*** DATA SHOWN Section Begins ***
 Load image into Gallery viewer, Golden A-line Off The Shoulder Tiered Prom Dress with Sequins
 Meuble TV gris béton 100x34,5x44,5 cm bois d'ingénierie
*** DATA SHOWN Section Ends ***
*** DATA SHOWN Section Begins ***
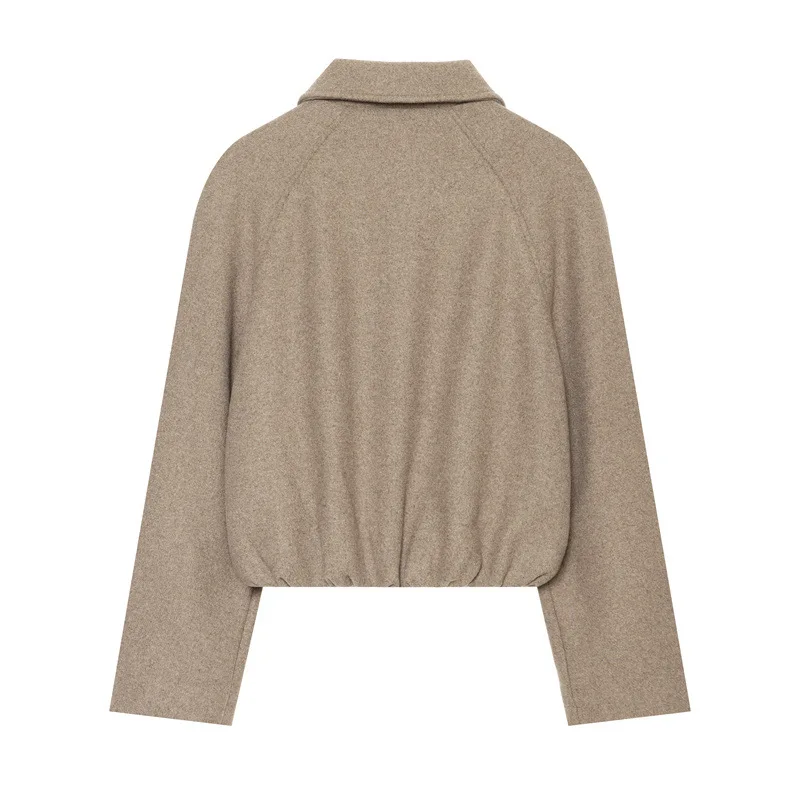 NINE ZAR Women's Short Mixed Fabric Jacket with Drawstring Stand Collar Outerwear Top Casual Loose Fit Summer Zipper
*** DATA SHOWN Section Ends ***
◆ ASSIGNMENT: Produce only the lines from the line containing "Load image into" through the line containing "Meuble TV gris", inclusive of both, exactly as they stand in the entries above.

◆ ANSWER SECTION:
 Load image into Gallery viewer, Golden A-line Off The Shoulder Tiered Prom Dress with Sequins
 Meuble TV gris béton 100x34,5x44,5 cm bois d'ingénierie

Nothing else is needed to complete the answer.